**WORK ORDER:** Extract the records in full, leaving every picture out.

**RECORDS PROVIDED:**
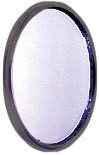 CIPA 49102 2 Round Stick-On Convex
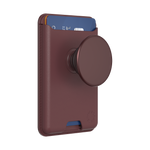 Aluminum Oxblood — Softgoods MagSafe PopWallet+ - US 98368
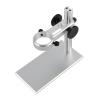 Joebo Microscope Kit Universal 35mm Aluminum Alloy USB Digital Electronic Microscope Stand Adjustable Holder Bracket Microscope Lens Adapters (Color : A with led) view 4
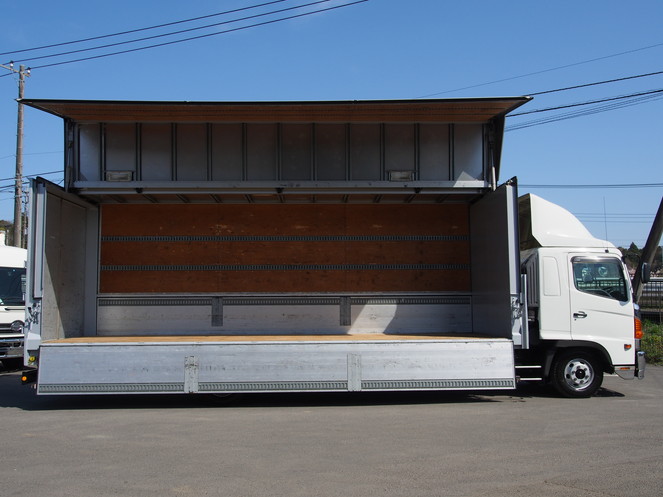 日野 レンジャープロ ウイング車 中型 PB-FD7JPFA 年式 H17[写真09]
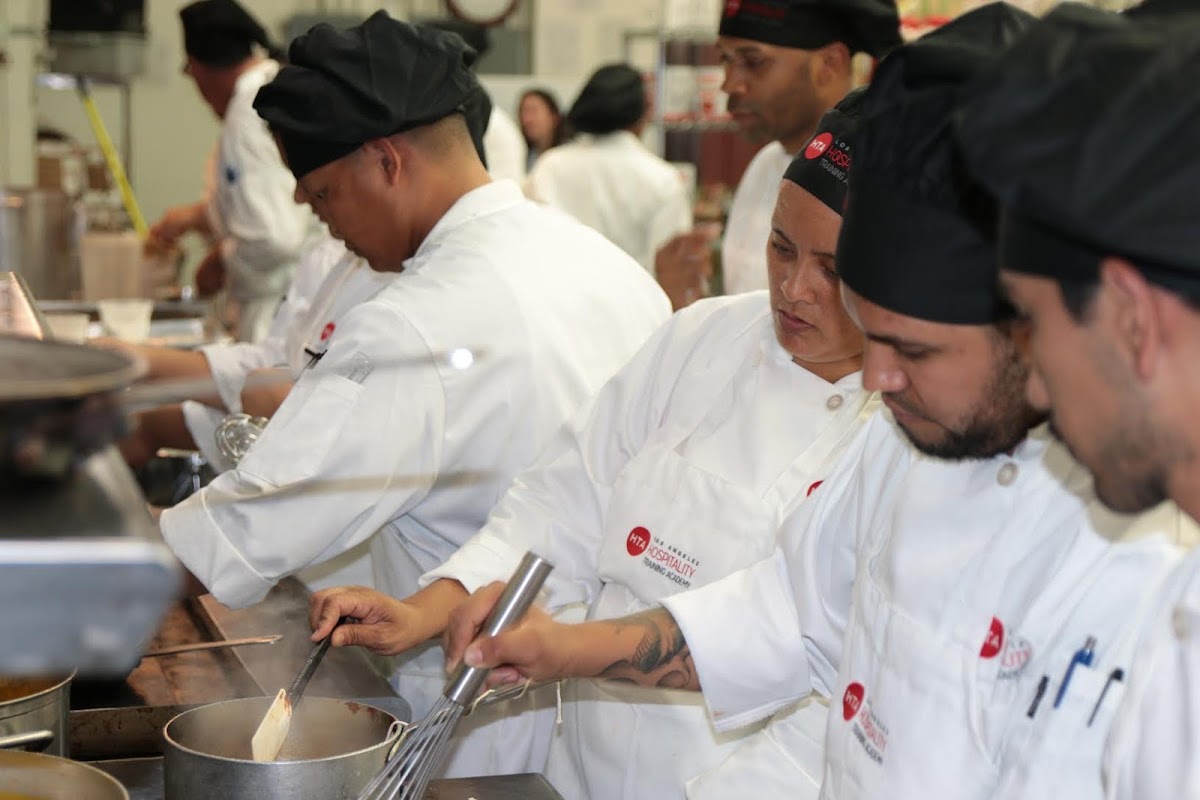 Hospitality Training Academy Kitchen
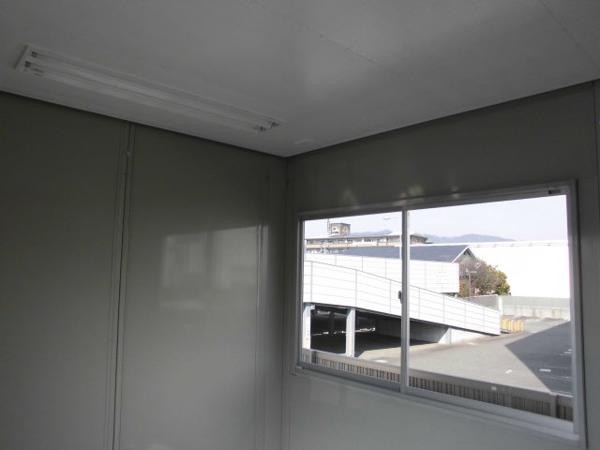 福岡県太宰府店/展示場の中古ユニットハウス・プレハブ・コンテナハウスCT-32J(2.18坪)の本体の内観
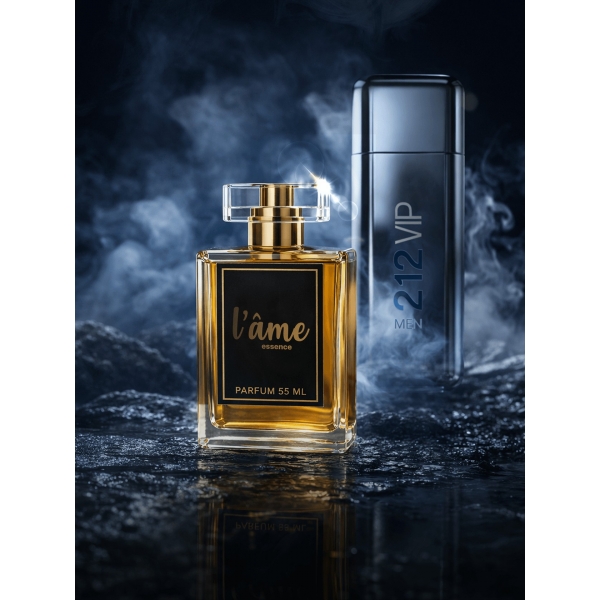 Contratipo Inspirado em 212 Vip Men (CH) - L´âme 05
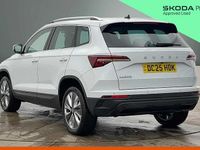 Used Skoda Karoq SE L 147 HP (108 kW) 2025 Moon white metallic SUV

**WRITTEN RESPONSE:**
 CIPA 49102 2 Round Stick-On Convex
 Aluminum Oxblood — Softgoods MagSafe PopWallet+ - US 98368
 Joebo Microscope Kit Universal 35mm Aluminum Alloy USB Digital Electronic Microscope Stand Adjustable Holder Bracket Microscope Lens Adapters (Color : A with led) view 4
 日野 レンジャープロ ウイング車 中型 PB-FD7JPFA 年式 H17[写真09]
 Hospitality Training Academy Kitchen
 福岡県太宰府店/展示場の中古ユニットハウス・プレハブ・コンテナハウスCT-32J(2.18坪)の本体の内観
 Contratipo Inspirado em 212 Vip Men (CH) - L´âme 05
 Used Skoda Karoq SE L 147 HP (108 kW) 2025 Moon white metallic SUV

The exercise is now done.